Tapping artificial intelligence, a group of young investors and their computer program are outperforming traditional stock indexes.

Star Traders
Spencer Greenberg

• A group of young math and computer experts with roots in Michigan is using artificial intelligence to boost the performance of an $11-million investment fund they operate in New York.


The idea for tapping artificial intelligence to make better investment decisions than humans was developed by Spencer Greenberg, whose grandfather, Hank Greenberg, was an All-Star and MVP first baseman for the Detroit Tigers during the 1930s and 1940s.


“Google and Netflix use a branch of artificial intelligence called ‘machine learning’ to improve Web searches and predict what kinds of movies people will watch,” Greenberg says. “I had the idea to apply machine learning to the stock market.”


The computer system routinely crunches millions of pieces of research findings, including a decade or more of market data, and compares the information with up-to-date investment activity.

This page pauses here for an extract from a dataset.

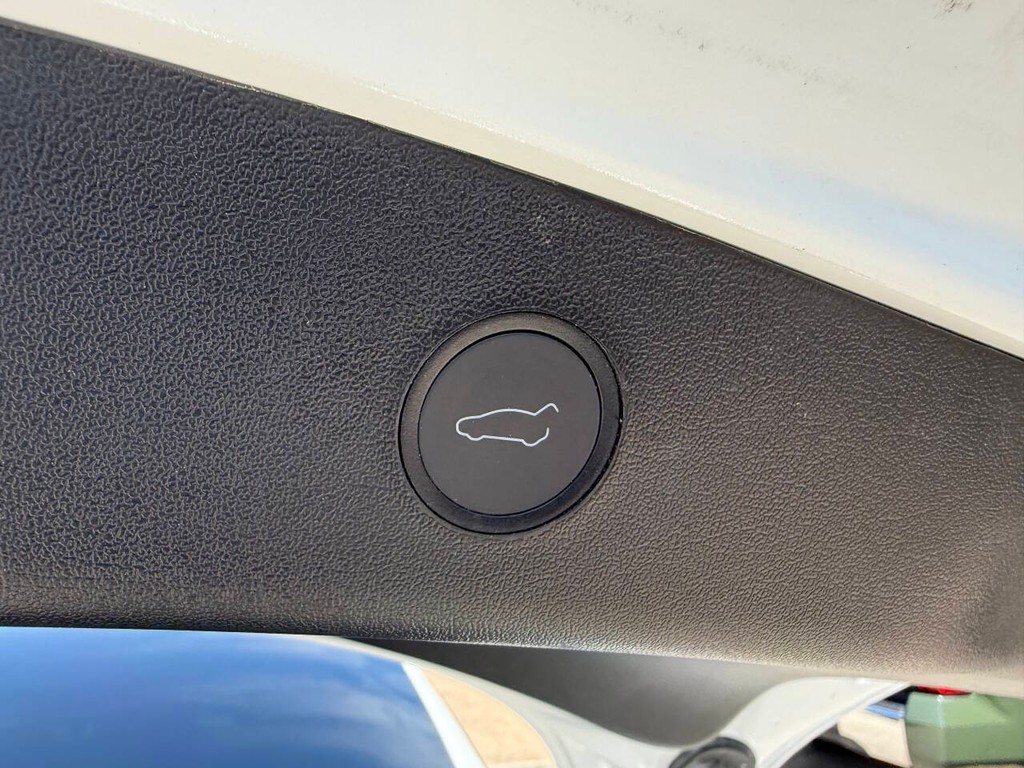 Tesla Model 3 Vehicle Full-screen Gallery Image 35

Often, “Star,” as the program is dubbed, will select cheap stocks or those that rise swiftly in price. The company does not borrow money for its trades, and it doesn’t short stocks or use leverage.


Despite a few bumps, Greenberg, 27, says he and his three partners at Rebellion Research have largely outperformed the Dow Jones Industrial Average. Star reviews around 30 factors that affect a stock’s performance, such as interest rates. The company holds approximately 70 stocks at any given time.


Every weekday morning, Star offers up a list of stocks to buy, sell, or hold. While the firm’s partners — including Kalamazoo native Jeremy Newton, chief science officer — implement the trades, the team has yet to overrule the computer. So far, the artificial intelligence system has beat out more traditional indexes.


In 2007, Star gained 17 percent for the year — well ahead of the 6.4 percent advance of the Dow industrials. In 2008, the fund dropped 26 percent, due to the global financial meltdown and other issues. By comparison, the Dow was down 34 percent.
In 2009, Star had positive returns, up 41 percent, while the Dow rose 19 percent.


For 2010, Rebellion was up 21 percent, while the Dow finished with a gain of around 11 percent.
“Right now we’re working on a market-neutral version of our product so we have long and short products in roughly equal amounts,” says Newton, who helped give “life” to Greenberg’s computer model.